Литературоведческие интуиции Льюиса совпали с внутренним, личностным поиском истины и смысла. Отчасти глубокая любовь Льюиса к лучшим образцам средневековой литературы связана с его убеждением, что эта литература нашла то, что утратила современность и о чем он сам тосковал, мечтая это «нечто» найти. Была ли надежда исцелить тот разрыв единства и преемственности, что обнажила Великая война? Возможно ли вновь соединить разделившееся? Примирить разум и воображение?
Постепенно кусочки мозаики ложились каждый на свое место, и наступил тот ошеломительный миг прозрения, когда Льюис увидел всю картину целиком. В «Настигнут радостью» Льюис описывает ряд «ходов», которые постепенно привели к Богу, — он прибегает здесь к аналогии из игры в шахматы
[308]. Сам по себе ни один «ход» не был определяющим с логической или философской точки зрения, самое большее — они наталкивали на дальнейшее размышление. Но сила этих «ходов» заключалась не в индивидуальной важности каждого, а в совокупном весе. Причем Льюис говорит о ходах, которые делал не он, а «игрок на другой стороне». В «Настигнут радостью» речь идет не о том, как Льюис обрел Бога, а о том, как Бог терпеливо приближался к Льюису.
В «Настигнут радостью» описывается вовсе не процесс логического рассуждения: от А к Б, от Б к В, — это гораздо больше похоже на процесс кристаллизации, благодаря которому вещи, прежде разрозненные и не связанные, укладываются в общую картину, которая и укрепляет их ценность, и выявляет взаимные связи. Так из частей возникает целое, и между теорией и наблюдением устанавливается фундаментальная гармония, если удается увидеть все в истинном свете.
Так ученый после множества наблюдений, результаты которых кажутся случайными, просыпается среди ночи и записывает теорию, объясняющую все эти данные. (Великий французский физик Анри Пуанкаре однажды заметил: «Мы доказываем логикой то, что открыли интуицией»

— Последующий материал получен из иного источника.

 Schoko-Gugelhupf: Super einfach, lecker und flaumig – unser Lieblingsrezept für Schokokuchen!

[309].) Это похоже на детектив, в котором сыщик натыкается на множество улик и наконец соображает, как все было подстроено, и каждая улика без зазора входит в общий сюжет. Повсюду мы видим одну и ту же схему: человек осознает, что если вот это истинно, то и все остальное само собой встанет на место, без принуждения, без натяжки. И «это» по самой своей природе ждет согласия от того, кто возлюбил истину. Льюис вынужден был принять то видение реальности, которое изначально вовсе не хотел считать истинным — и уж, конечно, не в Льюисе причина того, что это видение оказалось истиной.
Любая попытка рассказать историю обращения Льюиса означает необходимость пересказывать события его внутренней и внешней жизни. Он и сам пытался сделать это в «Настигнут радостью», излагая истории двух совершенно разных — и тем не менее взаимосвязанных — миров: внешнего мира английских школ и Оксфордского университета и внутреннего мира, где жила тоска по Радости — мира, давно уже раздираемого войной между логикой и воображением.

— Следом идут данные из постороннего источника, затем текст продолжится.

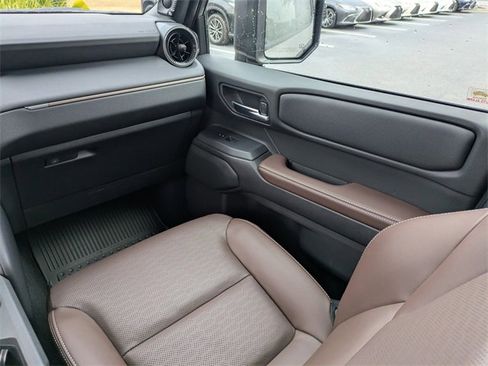 Used 2025 Toyota Land Cruiser image 19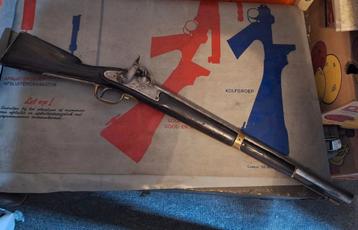 Vrijgesteld Percussiegeweer beschikbaar voor biedingen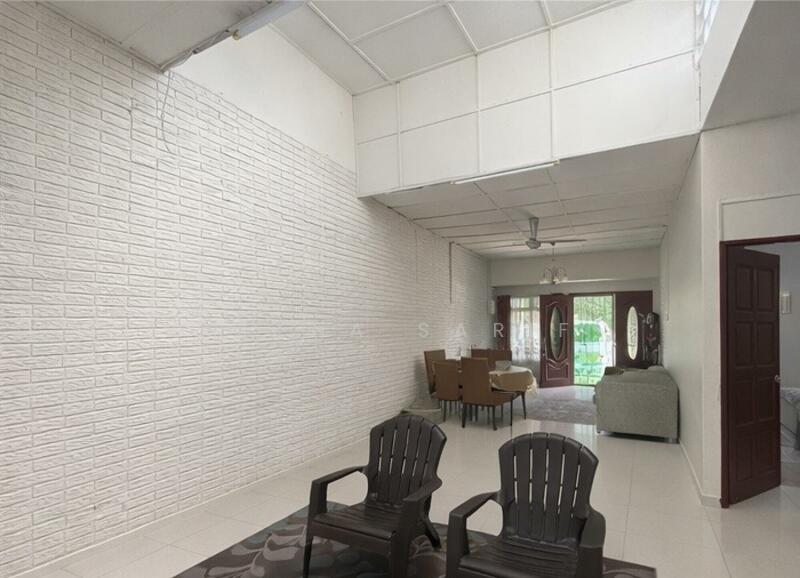1-storey Terraced House for Sale in Kelana Jaya (Petaling Jaya) - Reena Sarif - Living Room - PropertyGuru.com.my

Море и многие острова поэзии, с одной стороны; поверхностный, холодный разум, с другой. Почти все, что я любил, казалось мне частью воображения; почти все, что я относил к реальности, было угрюмо и бессмысленно
[310].
И все же соотнести события внутренней жизни Льюиса с историческими событиями внешнего мира бывает порой нелегко. Например, во внешнем мире Льюис ехал на автобусе вверх на Хидингтон-хилл, возвращаясь из Магдален-колледжа домой, в тогдашнюю деревню Хидингтон (ныне часть города Оксфорда). Во внутреннем его мире рушились защиты, выстраиваемые разумом против Бога, которого он не желал признавать, и тем более не хотел встречаться с ним лицом к лицу
[311]. Два совершенно разных путешествия таким образом совпали во время этой автобусной поездки.